Scraped caption text data
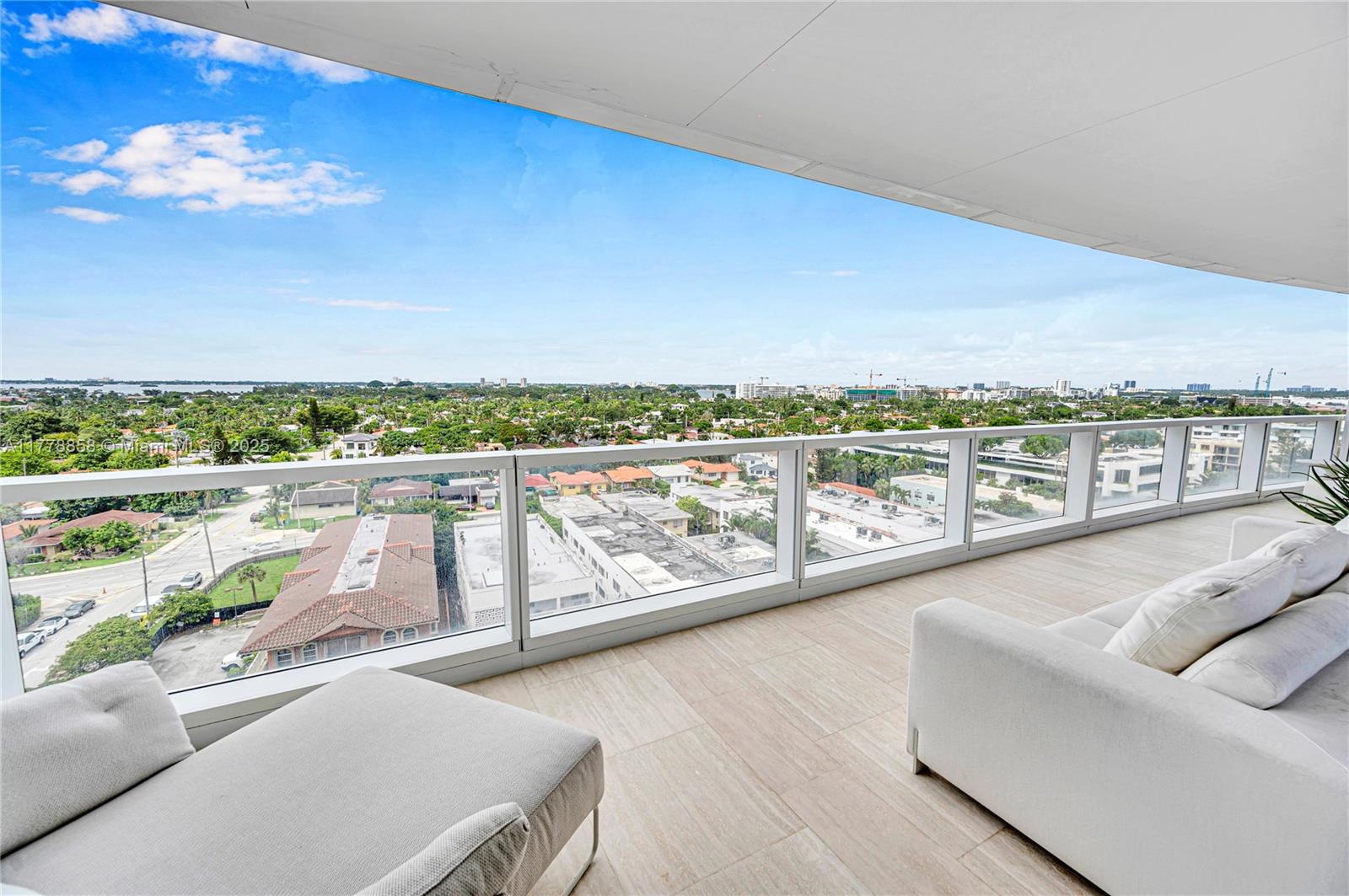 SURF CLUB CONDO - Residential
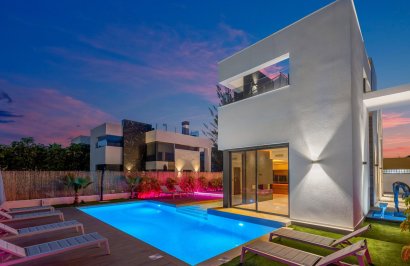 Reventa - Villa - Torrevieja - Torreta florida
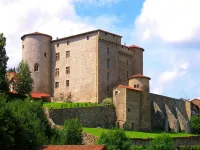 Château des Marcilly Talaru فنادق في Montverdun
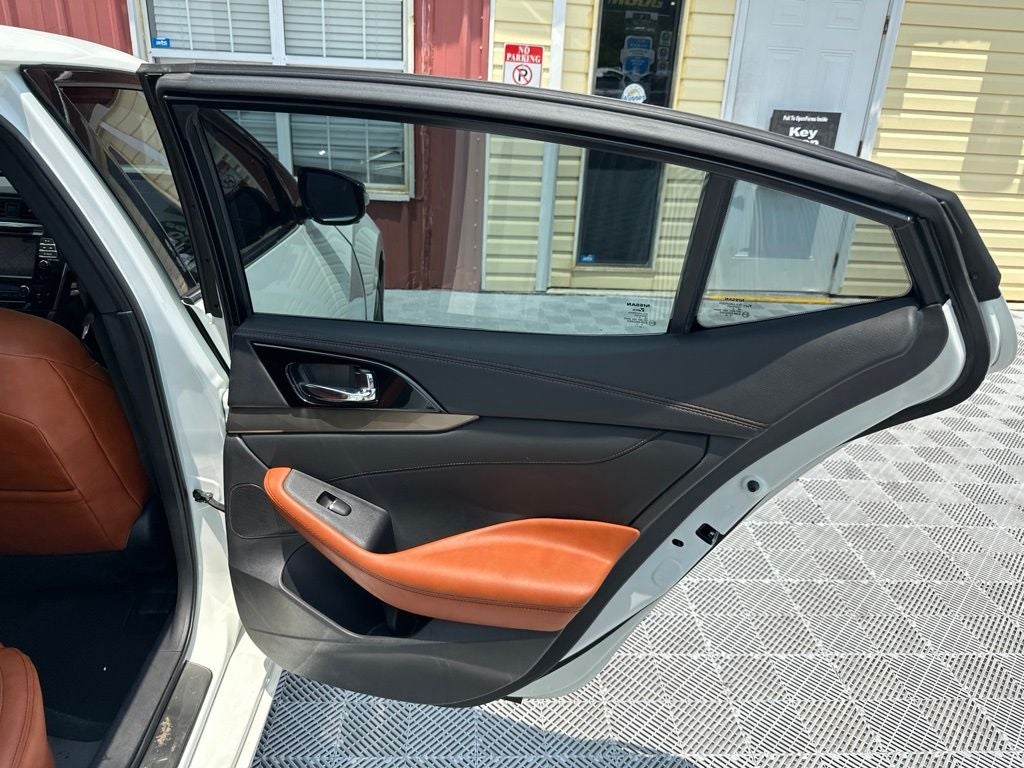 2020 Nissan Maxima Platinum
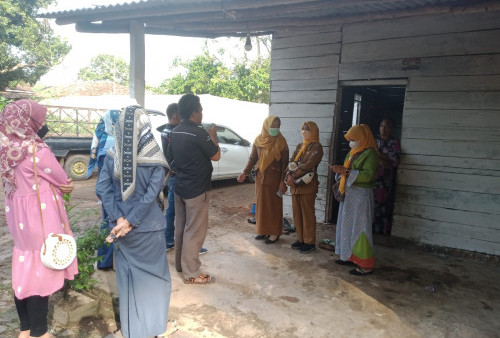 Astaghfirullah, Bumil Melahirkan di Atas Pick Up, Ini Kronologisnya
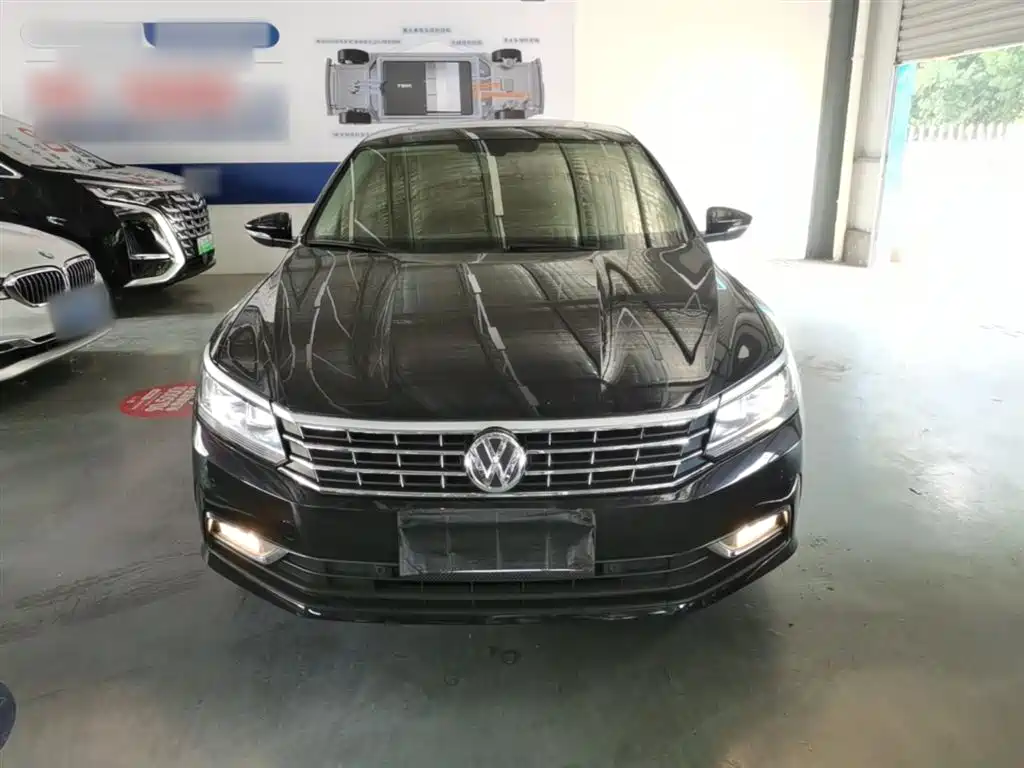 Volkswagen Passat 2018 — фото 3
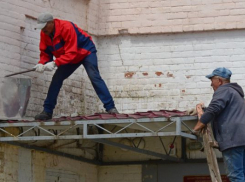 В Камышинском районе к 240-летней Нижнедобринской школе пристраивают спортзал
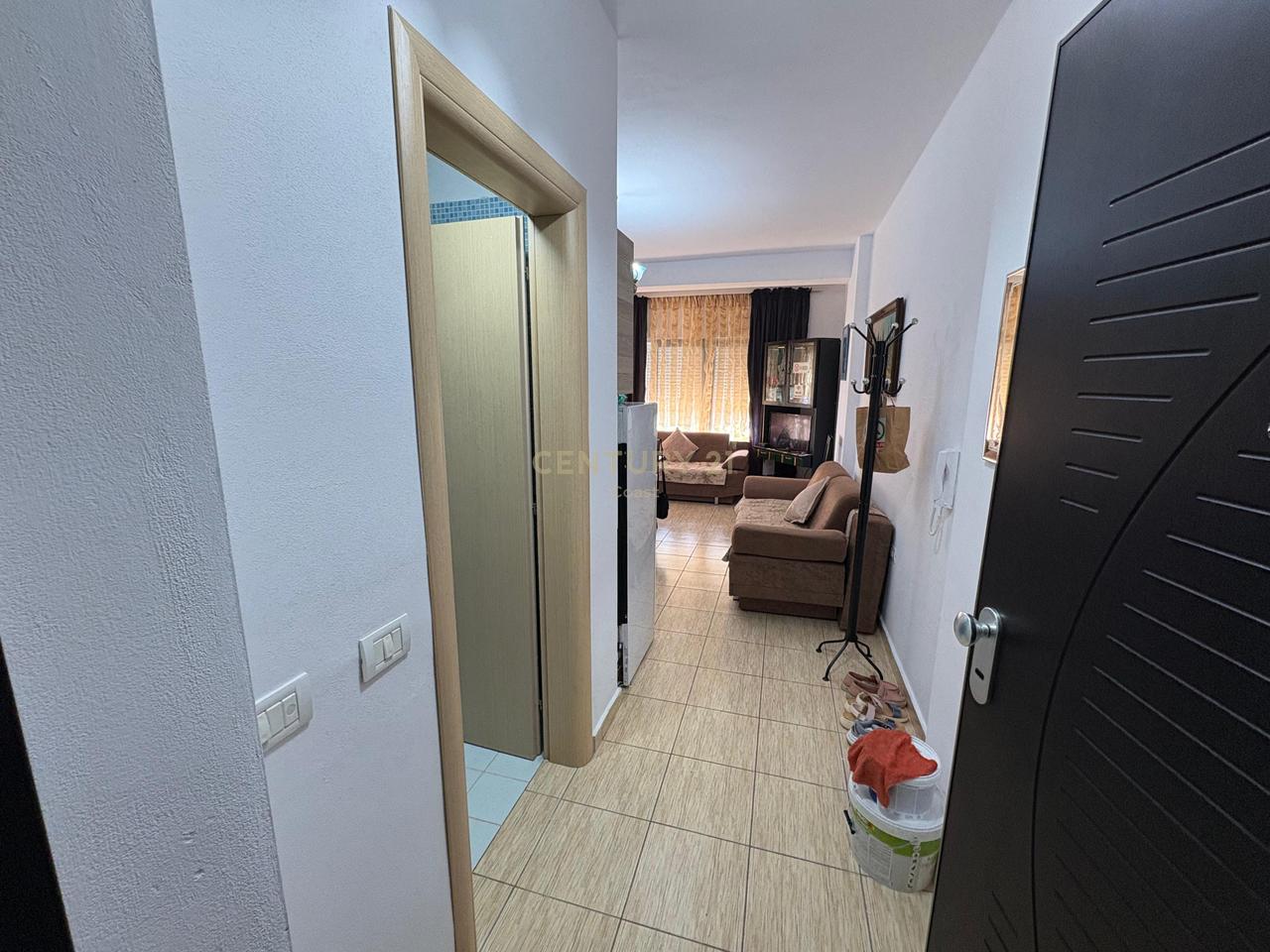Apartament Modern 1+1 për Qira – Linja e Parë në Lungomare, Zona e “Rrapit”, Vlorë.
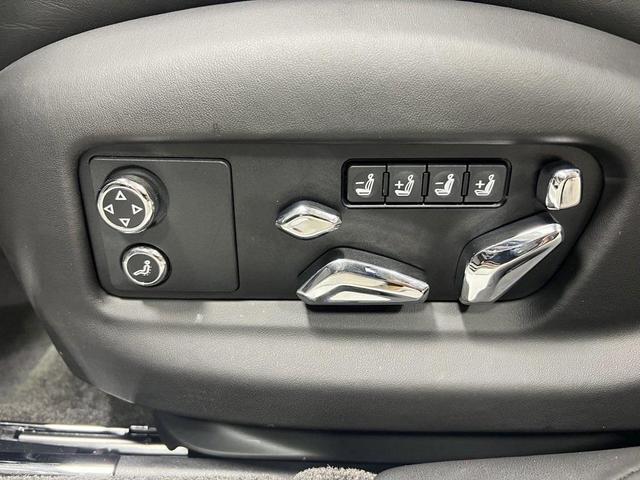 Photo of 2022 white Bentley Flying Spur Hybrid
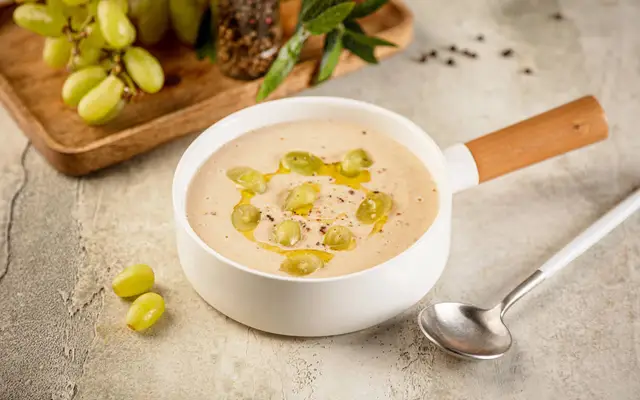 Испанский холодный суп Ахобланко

PROBLEM STATEMENT
Please return only the lines from the one holding "Photo of 2022" through the end of the data, both ends included; do not copy any pictures.

TASK OUTPUT
 Photo of 2022 white Bentley Flying Spur Hybrid
 Испанский холодный суп Ахобланко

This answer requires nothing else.